EXERCISE DETAILS: Give again, word for word, the line holding "2018 Toyota Camry L" and every line after it through the end of the data below. Omit pictures.

☆ ☆ ☆

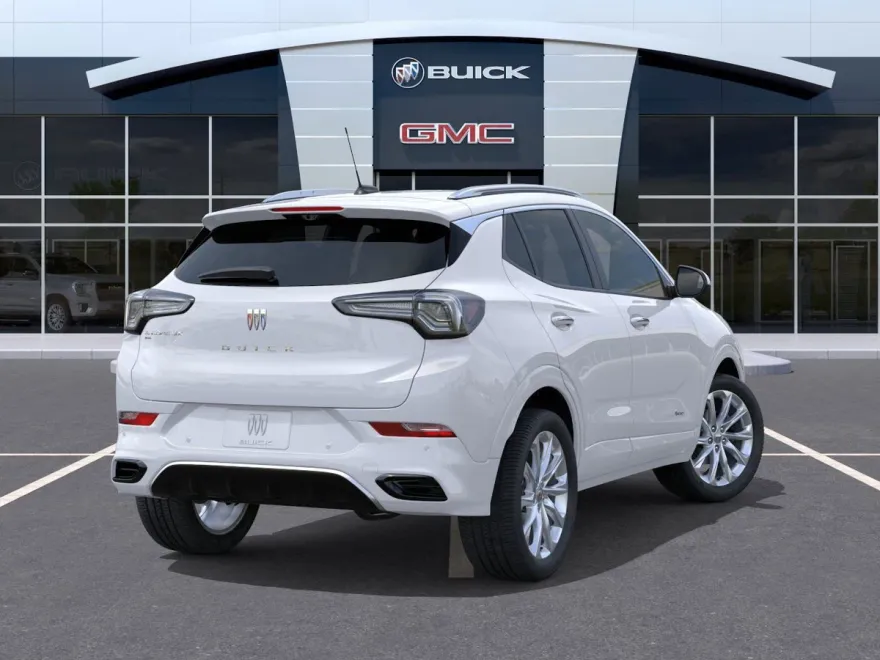 2026 Buick Encore GX Avenir photo 1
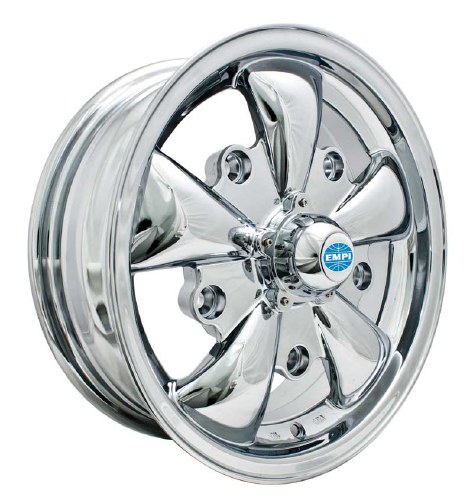 GT-5 Wheel Chrome 5/205 (EP00-9686-0)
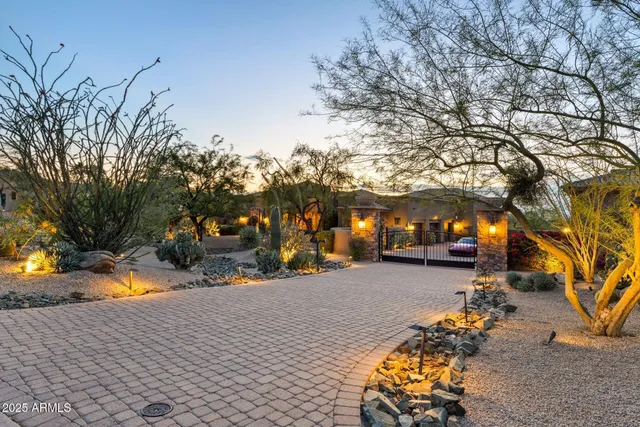 $4,295,000 | 10092 East Troon N Drive, Scottsdale, AZ 85262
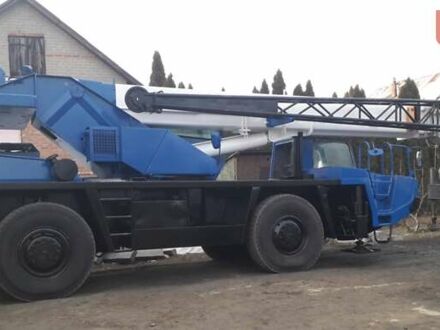 Фаун RTF 30 1992 у Ковель на Automoto.ua Фаун RTF 30, об'ємом двигуна 0 л та пробігом 88 тис. км за 38429 $, фото 1 на Automoto.ua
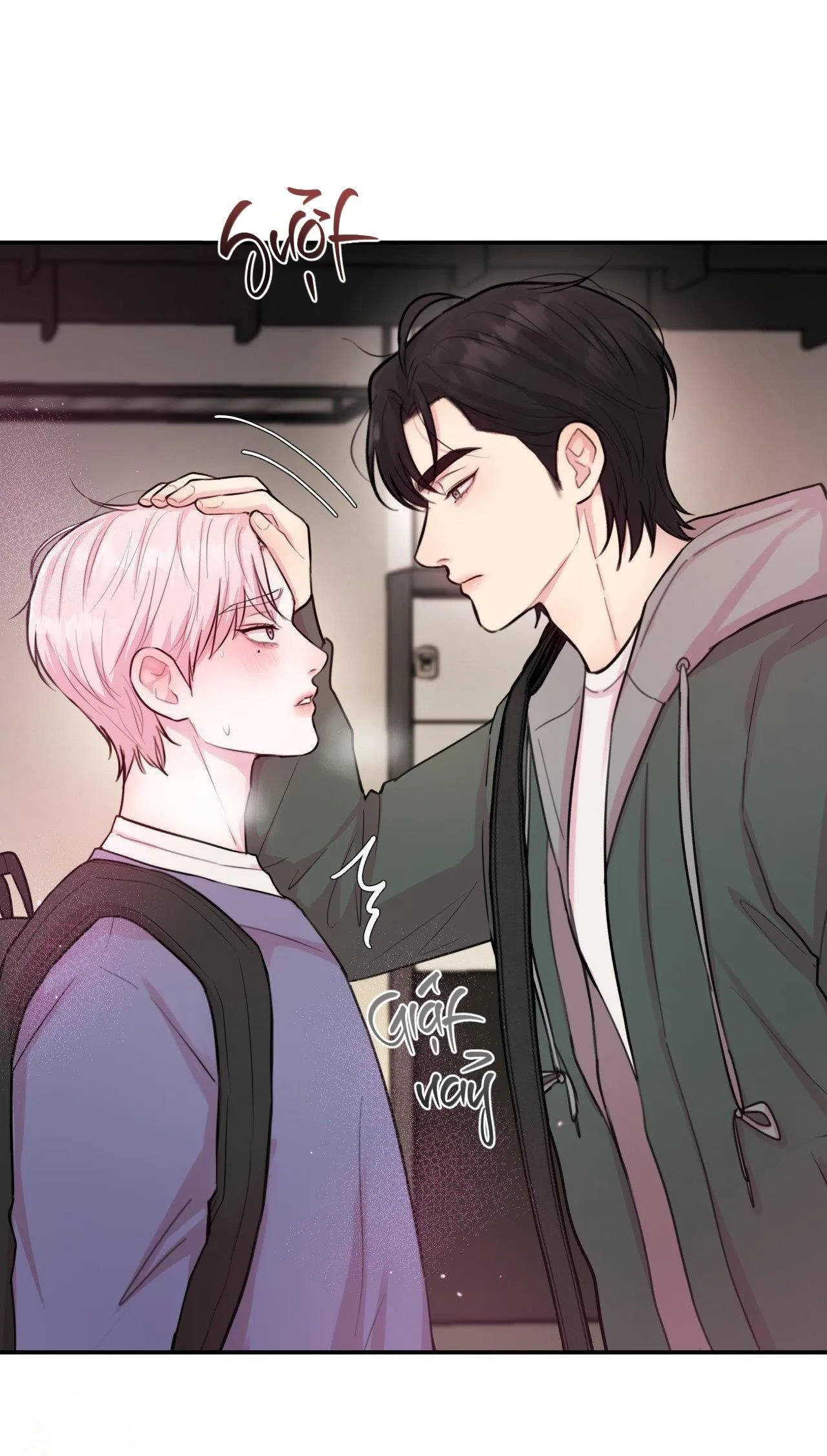 Love Remedy Chapter 9 Trang 56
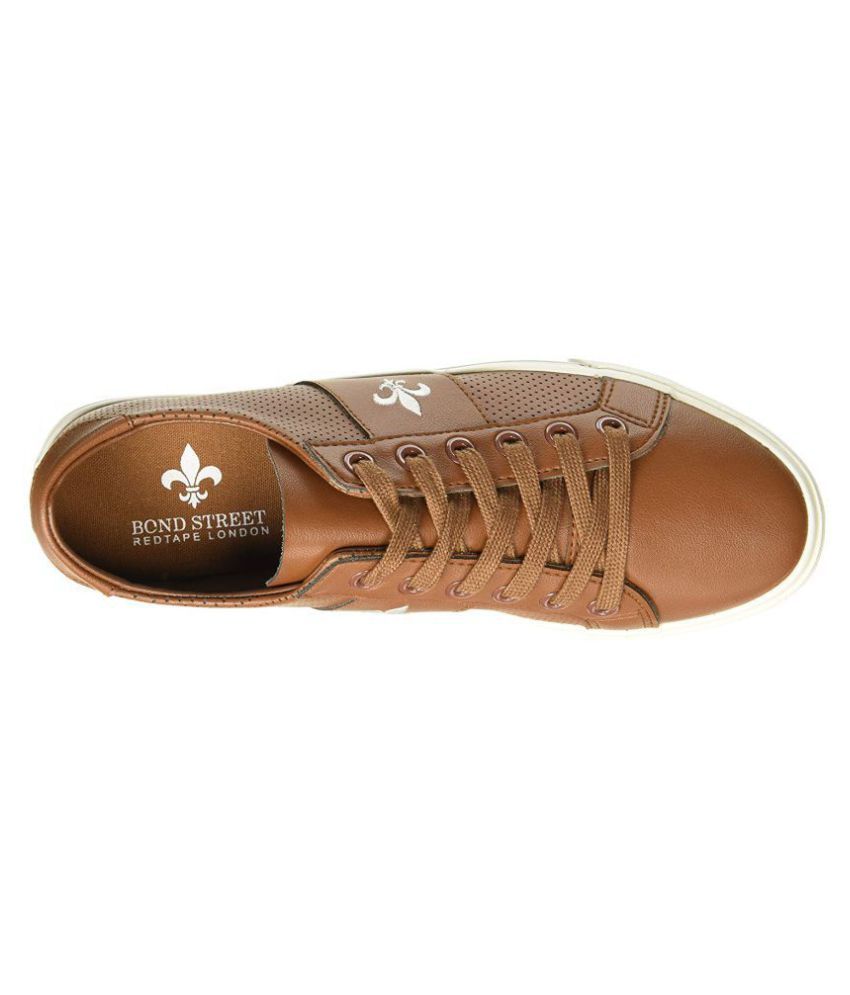 bond street casual shoes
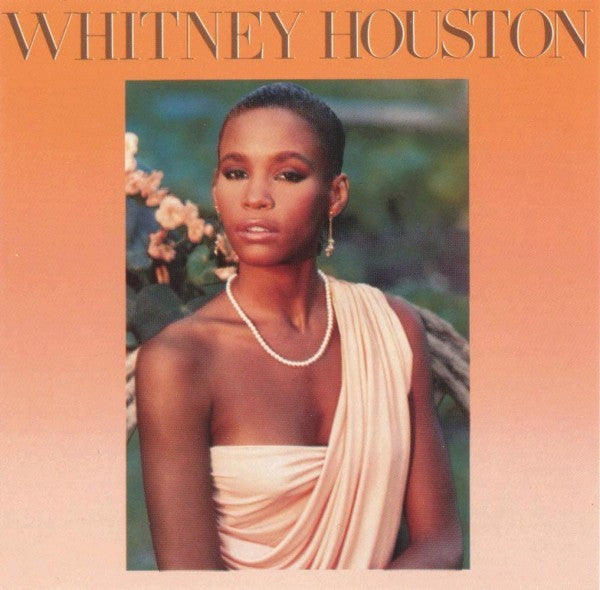 WHITNEY HOUSTON - Whitney Houston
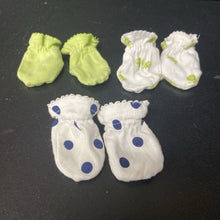 Load image into Gallery viewer, 3pk Mittens
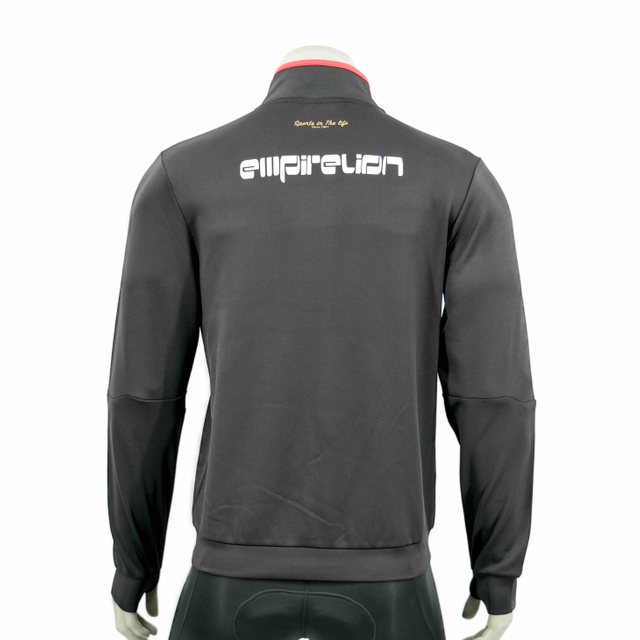 Herren halbe Reißverschluss -Rohrleitungsverkleidung Sportpullover Tops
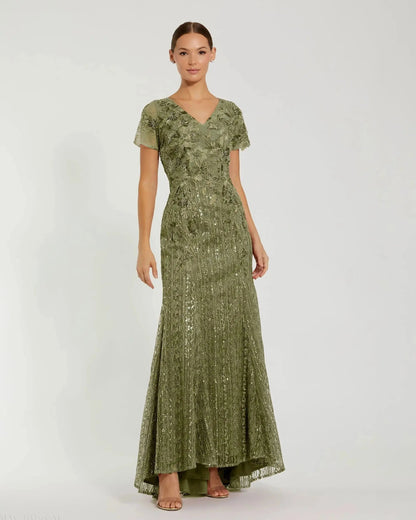 Mac Duggal 20282 Dress - ElbisNY
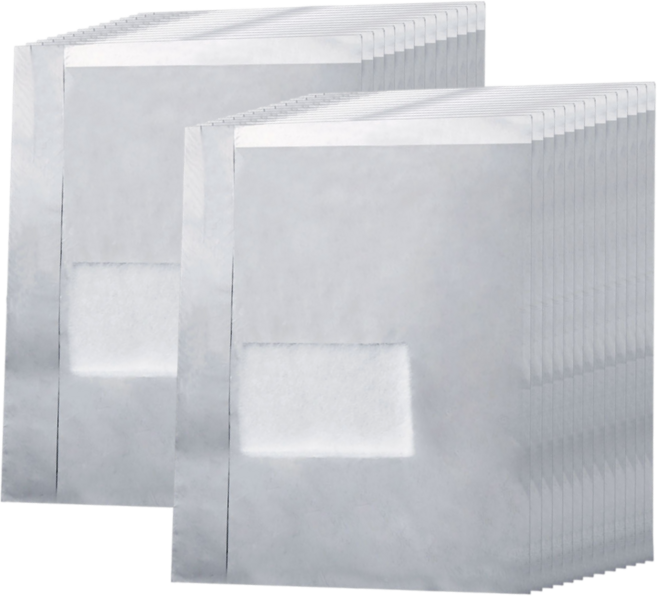 오브젝티브 셀프 네일제거 쏙오프 호일 솜, 200개, 네일패디호환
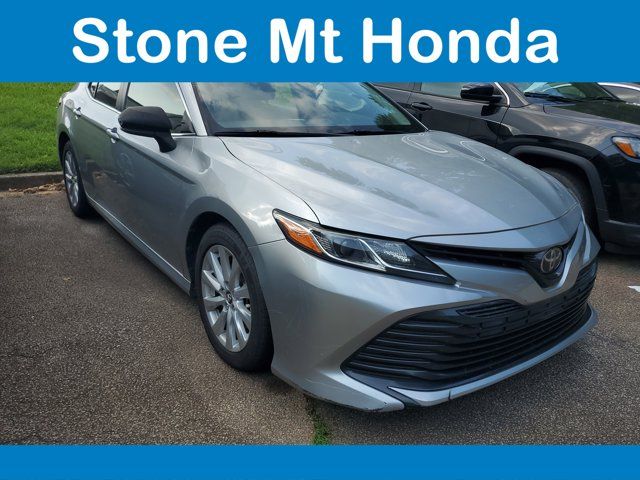 2018 Toyota Camry L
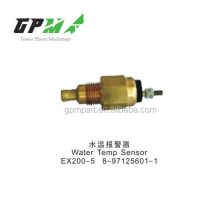 EX200-5 Water Temperature Sensor For 6BG1 Water Temperature Sensor 8-97125601-1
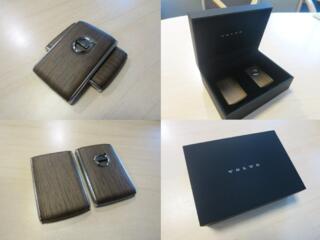 Оригинальные Корпус ключа Volvo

☆ ☆ ☆

RESULT OF THE TASK:
 2018 Toyota Camry L
 EX200-5 Water Temperature Sensor For 6BG1 Water Temperature Sensor 8-97125601-1
 Оригинальные Корпус ключа Volvo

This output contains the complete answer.